The cause was Alzheimer's disease, said his stepdaughter, Madison Iler.
Although he didn't identify himself as such, Dr. Potts was essentially a neo-Malthusian. Like Thomas Robert Malthus, the economist of the late 18th and early 19th centuries. he saw population control as critical to preventing war, famine and environmental collapse, particularly in Africa, where for decades he oversaw women's health programs, first as medical director of the International Planned Parenthood Federation and then as president of Family Health International, another global organization. He felt that women's ability to control their own reproductive lives was crucial to that aim — an enormous challenge in the conservative countries he served.
'Malcolm felt we were heading for catastrophe if we didn't do a better job in family planning,' said Stefano Bertozzi, a former dean at the University of California, Berkeley School of Public Health, where Dr. Potts held an endowed chair in population and family planning. The two met when they were working on H.I.V. prevention in Africa for different organizations.

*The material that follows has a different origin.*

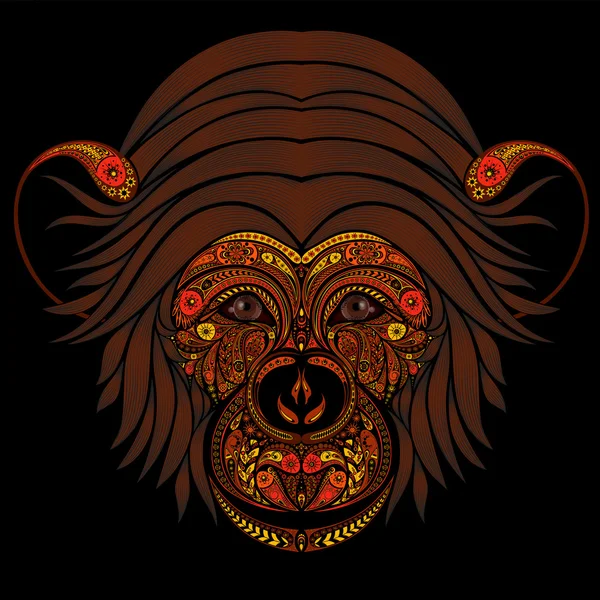 ลิงไฟนามธรรม — ภาพเวกเตอร์สต็อก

'He was a ferocious ally for women having unfettered access to the tools they needed to manage their own fertility,' Dr. Bertozzi said in an interview.
The British-born Dr. Potts was rumpled, tweedy and irreverent. He was of a generation that did not pander to political correctness, and he had a collection of ties printed with condoms. He was also one of Berkeley's most popular professors. His classes on human sexuality, at which he dispensed policy points, naughty anecdotes and common sense, were filled to overflowing. Dr. Bertozzi called him the Bernie Sanders of Berkeley.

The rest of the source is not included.